Program tersebut hanya menyinggung soal penyelesaian 15 koridor transjakarta, dan pembangunan mass rapid transit (MRT) untuk rute selatan-utara dan timur-barat. Dan dari semuanya itu, tak ada satupun yang akan dilakukan di Jalan Simatupang.
"Ini akibat rencana yang diinginkan pemerintah daerah tidak sinkron dengan lahan yang dimiliki pengembang. Karena pada saat penyusunan rencana (pengusaha) tidak dilibatkan, jadinya tidak nyambung," kata Nirwono kepada Kompas.com, Minggu (15/3/2015).
Revisi program
Menurut Nirwono, tidak masuknya kawasan Jalan Simatupang ke dalam perencanaan pemerintah terkait pembangunan transportasi massal, disebabkan kawasan itu pada awalnya bukan diperuntukan untuk kawasan perkantoran.
"Harusnya Jalan TB Simatupang cuma jadi kawasan hunian tempat tinggal, dan sebagian untuk daerah resapan air.

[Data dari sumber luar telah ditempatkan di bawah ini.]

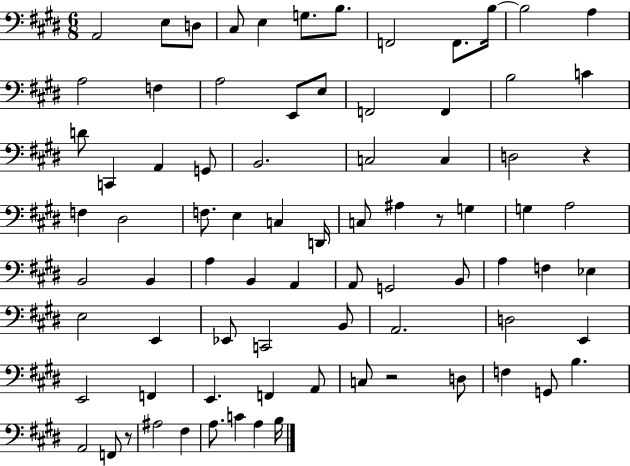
X:1
T:Untitled
M:6/8
L:1/4
K:E
A,,2 E,/2 D,/2 ^C,/2 E, G,/2 B,/2 F,,2 F,,/2 B,/4 B,2 A, A,2 F, A,2 E,,/2 E,/2 F,,2 F,, B,2 C D/2 C,, A,, G,,/2 B,,2 C,2 C, D,2 z F, ^D,2 F,/2 E, C, D,,/4 C,/2 ^A, z/2 G, G, A,2 B,,2 B,, A, B,, A,, A,,/2 G,,2 B,,/2 A, F, _E, E,2 E,, _E,,/2 C,,2 B,,/2 A,,2 D,2 E,, E,,2 F,, E,, F,, A,,/2 C,/2 z2 D,/2 F, G,,/2 B, A,,2 F,,/2 z/2 ^A,2 ^F, A,/2 C A, B,/4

Bukan untuk perkantoran skala besar," ujar Nirwono.
Namun, kata dia, pelanggaran tata ruang berupa pemberian izin kepada pengembang membuat semua yang telah direncanakan menjadi kacau balau. Akibatnya, kawasan Jalan TB Simatupang mengalami perubahan fungsi.
"Pemerintah tidak berdaya dalam pengendalian tata ruang. Contohnya di Jalan TB Simatupang. Izin tidak diberikan sesuai rencana tata ruang yang telah dibuat," ucap dia.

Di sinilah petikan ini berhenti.